The two pathognomonic lesions in the brain of AD patients are senile plaques and intraneuronal neurofibrillary tangles (NFT). Previous studies have demonstrated that amyloid-β (Aβ) is a component of both senile plaques and NFTs, and have showed that intracellular accumulation of Aβ is toxic for cells and precedes the appearance of extracellular amyloid deposits. Here we report that there are numerous intraneuronal NFT and extraneuronal NFT immunoreactive for Aβx-40 in which there is no co-localization with tau staining suggesting the existence of two different neurodegenerating populations associated with the intracellular accumulation of either tau protein or Aβx-40 in AD.

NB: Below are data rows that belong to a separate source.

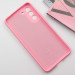 Фото Чохол Silicone Cover Lakshmi Full Camera (AA) на Samsung Galaxy S21 FE (Рожевий / Pink) в маназині vchehle.ua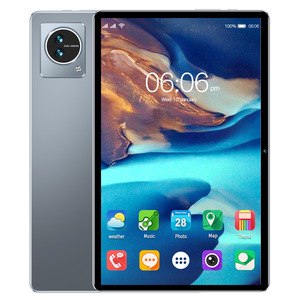 10 inch máy tính bảng Android 4G Sim 5G Wifi USB cảm ứng điện dung màn hình Octa core MTK Bộ vi xử lý cho giải trí - Product Image 1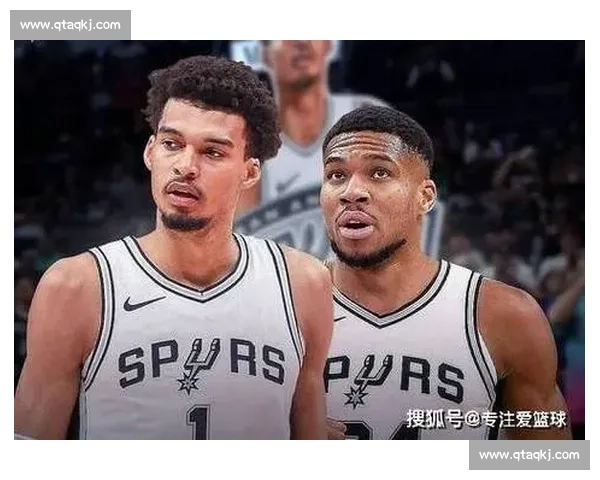 马刺终极目标曝光！KD 成过渡备胎，字母哥才是重建核心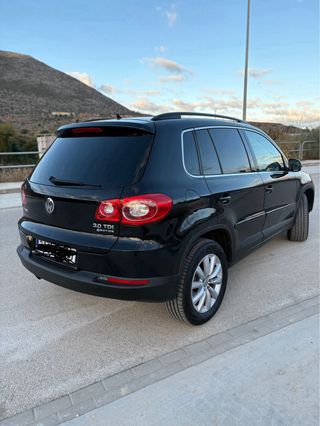 Volkswagen Tiguan 2010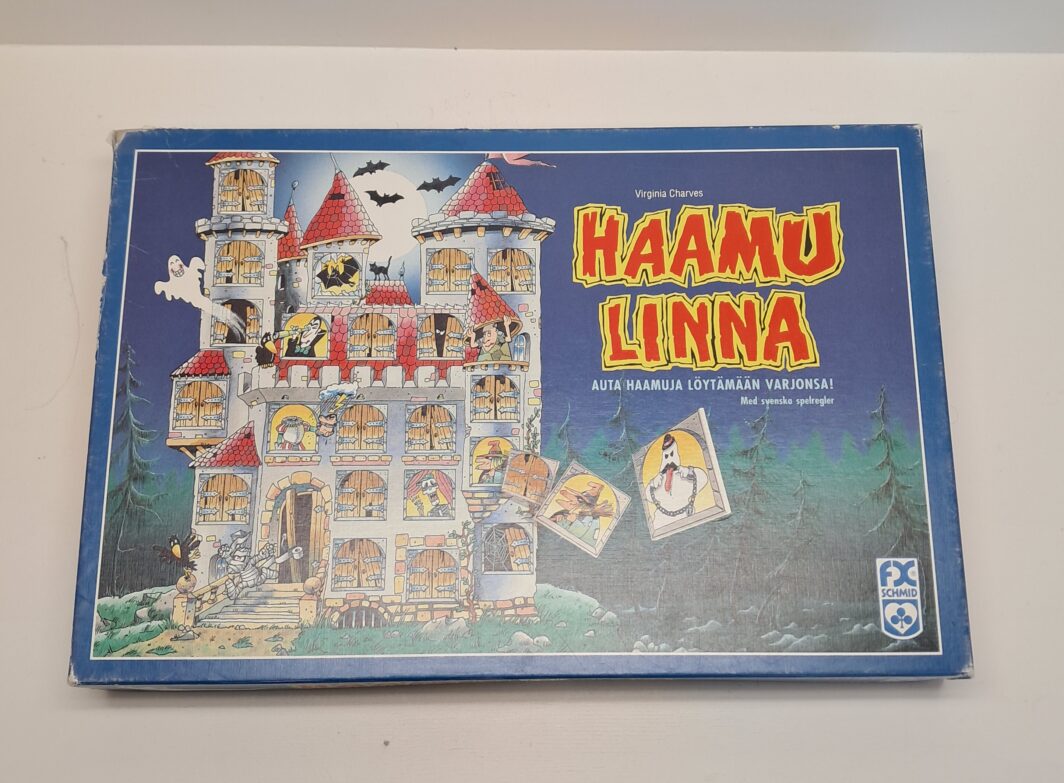 Haamulinna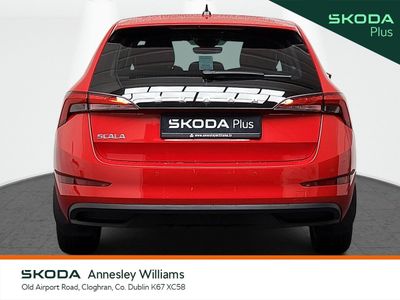 2023 Skoda Scala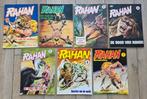 Lot strips: Rahan ( volledige reeks), Boeken, Stripverhalen, Ophalen of Verzenden, Gelezen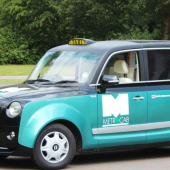 The official black cab company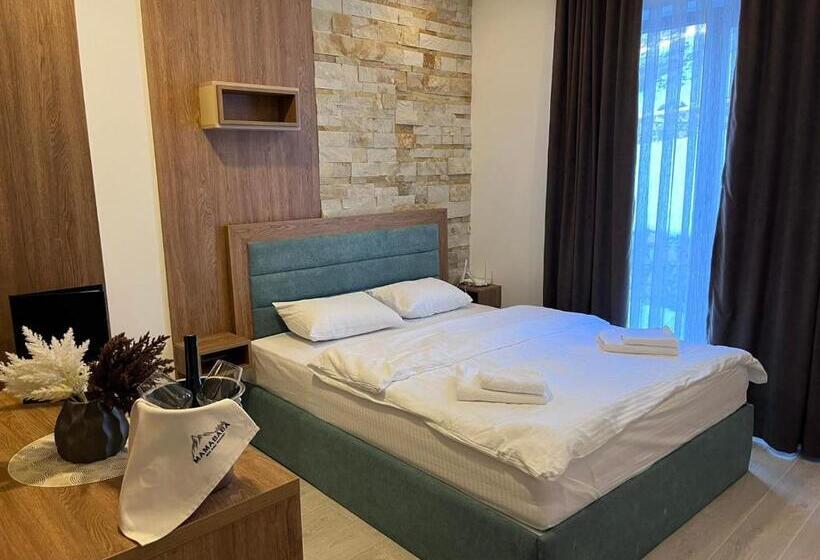 اتاق لوکس, Mamababa Free Spa & Wellness Kopaonik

Alzheimer’s disease (AD) is a neurodegenerative disease characterized by the progressive and irreversible destruction of neurons in the cerebral cortex. There are two pathognomonic lesions in the brain of AD patients: senile plaques, composed mainly of extracellular aggregates of amyloid-β peptides (Aβ) [1], and intraneuronal neurofibrillary tangles (NFT), consisting of paired helical filaments (PHF) [2] composed primarily of hyperphosphorylated tau protein [3, 4]. The relationship between these processes is uncertain and still not completely understood. The existence of intraneuronal Aβ has been known for many years. Masters and collaborators published in 1985 that Aβ, initially termed amyloid A4, is deposited first intraneuronally as NFT and subsequently in the extracellular space, associated with senile plaques and blood vessels [5]. Later on, the immunolabeling of most intraneuronal NFT (iNFT) and extraneuronal NFT (eNFT) with anti-Aβ antibodies was replicated in several laboratories [6–8]. However, other studies failed to find Aβ immunolabeling associated with iNFT [9–11] or with both iNFT and eNFT [12].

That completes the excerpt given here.